PP31B-2246
Changes in productivity and redox conditions during the Last Glacial Maximum as recorded in high-resolution geochemical records from Alfonso Basin, Gulf of California
Wednesday, 16 December 2015
Poster Hall (Moscone South)
Konstantin Choumiline, University of California Riverside, Department of Earth Sciences, Riverside, CA, United States, Timothy W Lyons, University of California, Department of Earth Sciences, Riverside, CA, United States, Jose D. Carriquiry, Universidad Autónoma de Baja California, Instituto de Investigaciones Oceanologicas, Ensenada, Mexico, Ligia L Perez-Cruz, Universidad Nacional Autónoma de Mexico, Instituto de Geofísica, Mexico D.F., Mexico and Luc Beaufort, Centre Européen de Recherche et d'Enseignement des Géosciences de l'Environnement, Aix-en-Provence, France
Abstract:
The Last Glacial Maximum represents the most recent major sea level low stand in Earth history. Such changes in eustatic sea level impacted the oxygenation of marine basins, yet the characteristics and mechanisms of those impacts remain poorly known.

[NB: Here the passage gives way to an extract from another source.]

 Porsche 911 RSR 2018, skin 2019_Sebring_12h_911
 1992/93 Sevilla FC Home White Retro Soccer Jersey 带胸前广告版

Specific basin conditions are needed to develop, record, and preserve those paleoredox changes through time most effectively, including rapid sedimentation rates and silled basin morphologies. The anoxic Alfonso Basin, partially separated from the Gulf of California by a bathymetric sill, is such a place. The basin is located in a dry semiarid region dominated by dust inputs and only occasional tropical cyclone-induced fluvial contributions. We present the first multi-proxy reconstruction of southern Gulf of California paleoredox that covers an uninterrupted timespan from the Late Pleistocene to the present, with an emphasis on the Last Glacial Maximum. In this research we contrast geochemical data from a 47-meter-long sediment core (collected with the giant CALYPSO corer aboard the R/V Marion Dufresne) with the solid phase and pore water chemical data from a shorter but very detailed box core (collected on the R/V El Puma), both from Alfonso Basin. Our results show that during the Late Pleistocene and throughout the Holocene several paleoredox shifts occurred, often accompanied by differences in lamination (laminated/massive alternations) and trace element (Mo, V, U) compositions; detailed Fe chemistry (FeHR/FeTand Fe/Al ratios); as well as carbon and sulfur concentrations and isotope ratios. For example, FeHR/FeT ratios indicate values of roughly 0.15 during the Last Glacial Maximum (lower than theoretic threshold of 0.2 between oxic and anoxic), suggesting more oxic conditions, in comparison to 0.25 and higher in the Holocene. Most of the variability seen in these proxies is related to global sea level change, while some variability is instead related to local variations in paleoproductivity, often connected to varying aeolian supply of micronutrients through mineral dust. Our results also provide insights into microbially mediated diagenetic processes in Alfonso Basin and related impacts on paleoenvironmental proxies revealed by dissolved Fe and Mn in pore waters, as well as labile (oxyhydroxide) Fe fractions in the solid phase, among other indicators.